EXERCISE REQUIREMENTS »
Return the entries below word for word. No picture belongs in the copy.

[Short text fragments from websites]
======

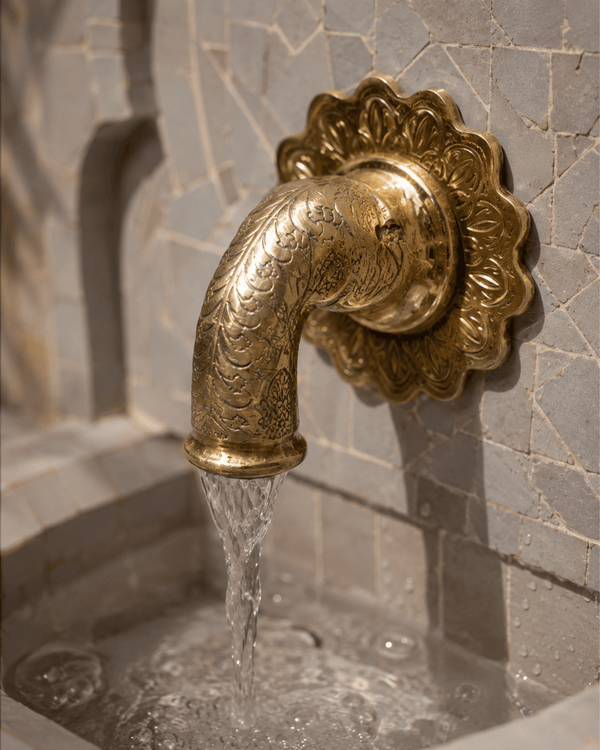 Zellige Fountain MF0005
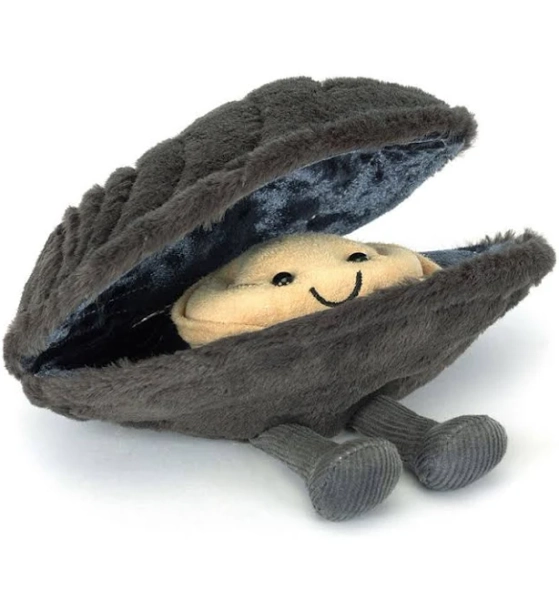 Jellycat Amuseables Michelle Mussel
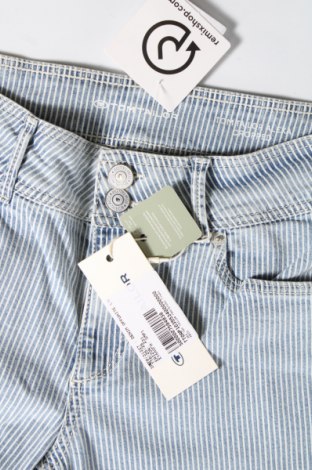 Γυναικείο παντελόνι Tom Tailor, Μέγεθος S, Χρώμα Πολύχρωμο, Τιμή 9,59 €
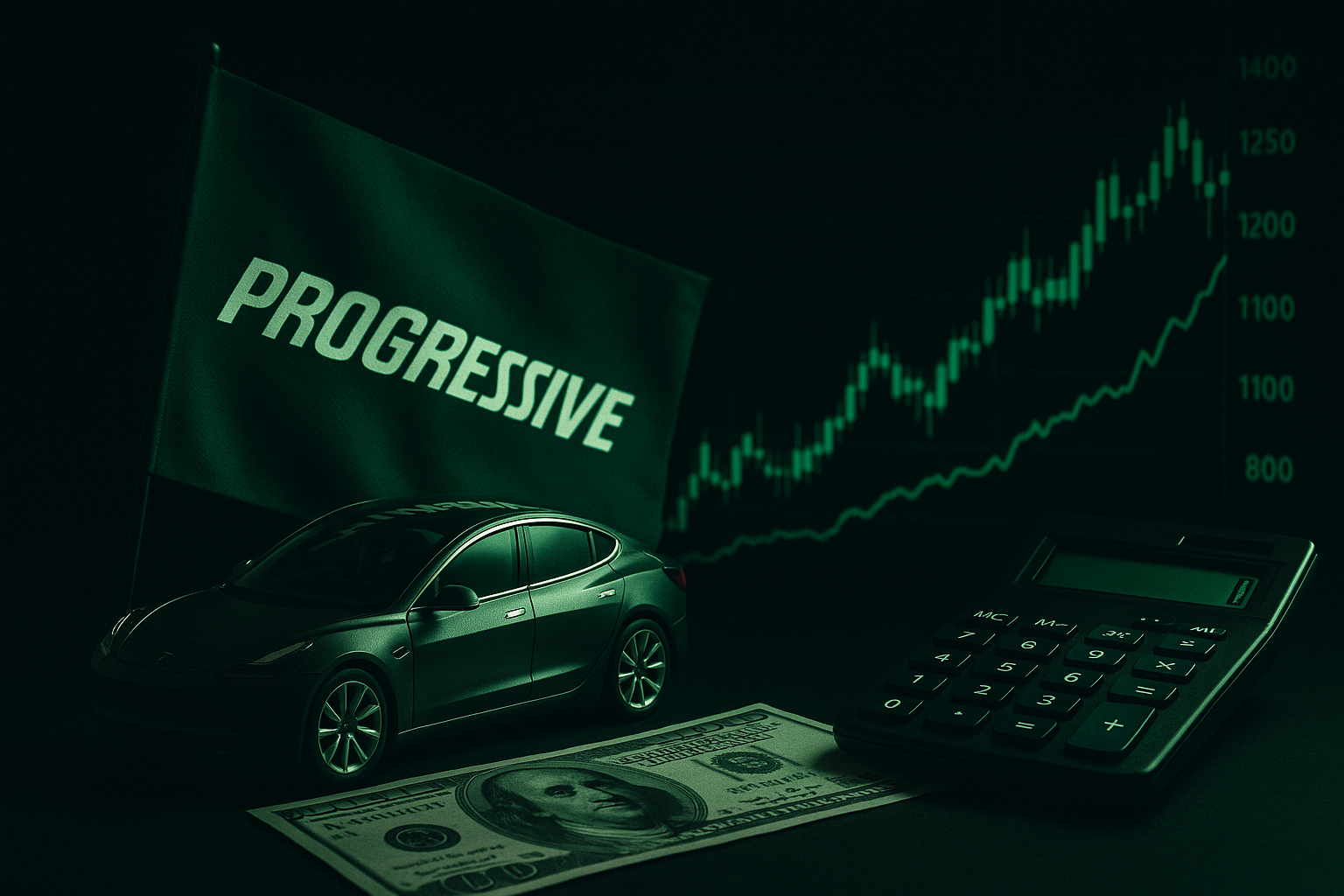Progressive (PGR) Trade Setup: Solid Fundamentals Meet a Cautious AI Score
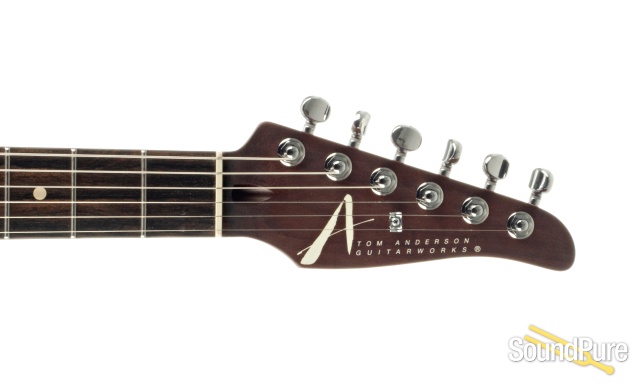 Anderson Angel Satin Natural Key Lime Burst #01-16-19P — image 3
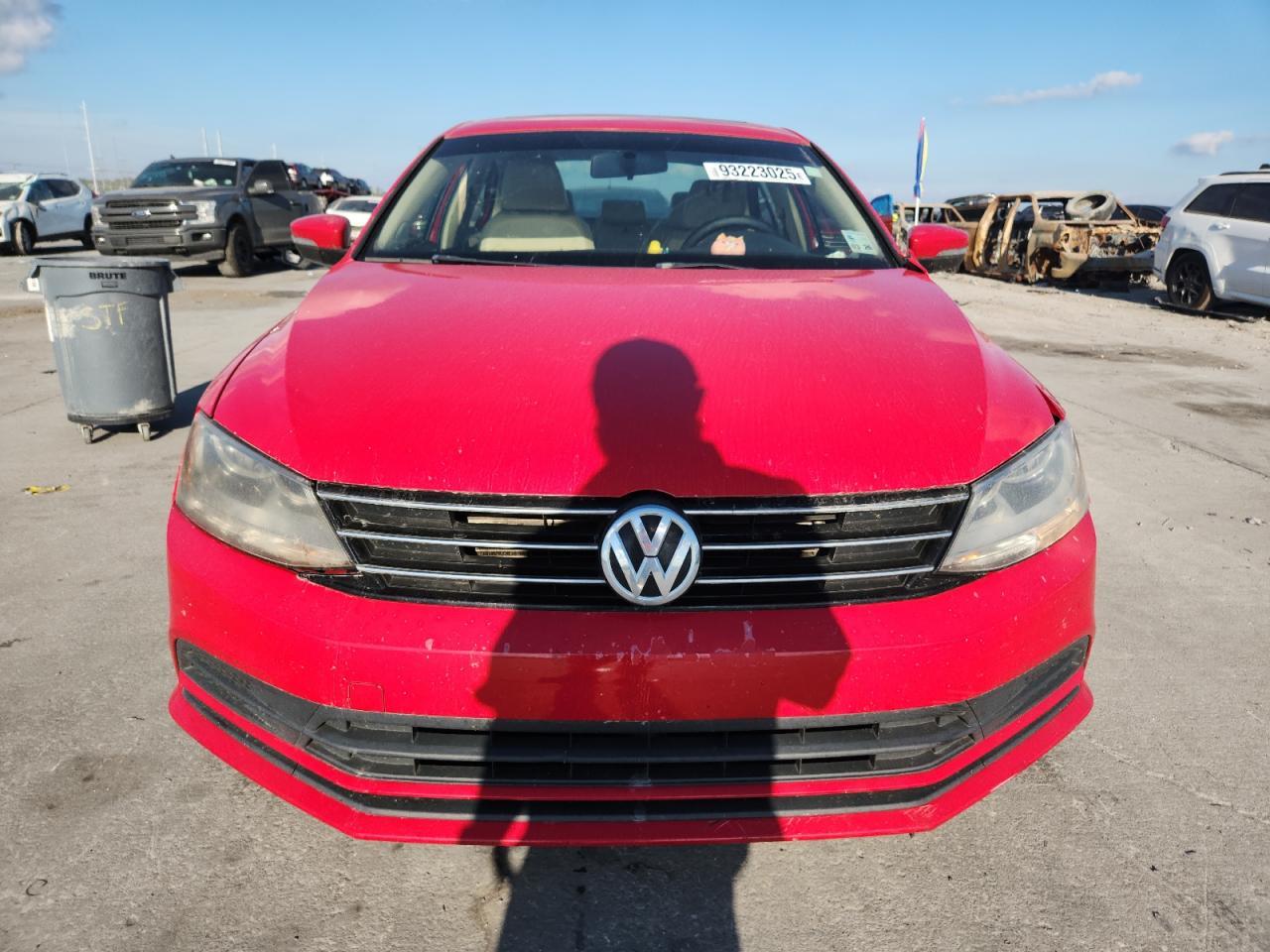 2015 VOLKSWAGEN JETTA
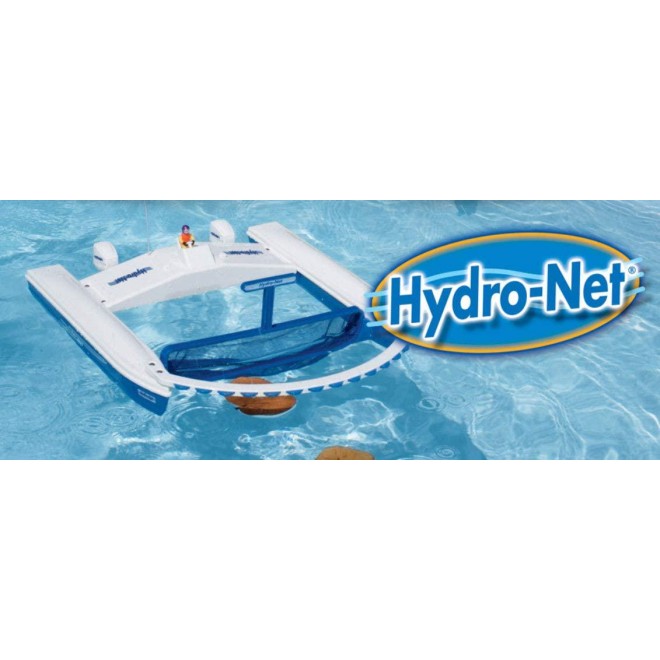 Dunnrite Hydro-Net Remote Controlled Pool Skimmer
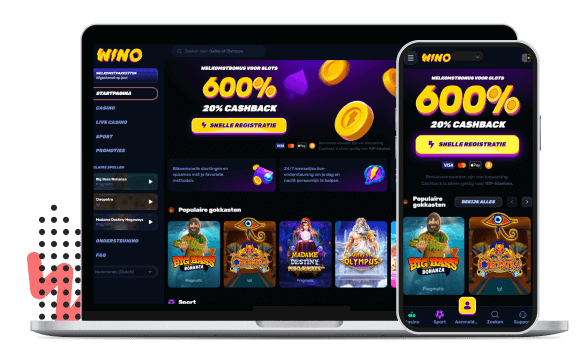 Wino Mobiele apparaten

======

OUTPUT OF THE TASK »
 Zellige Fountain MF0005
 Jellycat Amuseables Michelle Mussel
 Γυναικείο παντελόνι Tom Tailor, Μέγεθος S, Χρώμα Πολύχρωμο, Τιμή 9,59 €
Progressive (PGR) Trade Setup: Solid Fundamentals Meet a Cautious AI Score
 Anderson Angel Satin Natural Key Lime Burst #01-16-19P — image 3
 2015 VOLKSWAGEN JETTA
 Dunnrite Hydro-Net Remote Controlled Pool Skimmer
 Wino Mobiele apparaten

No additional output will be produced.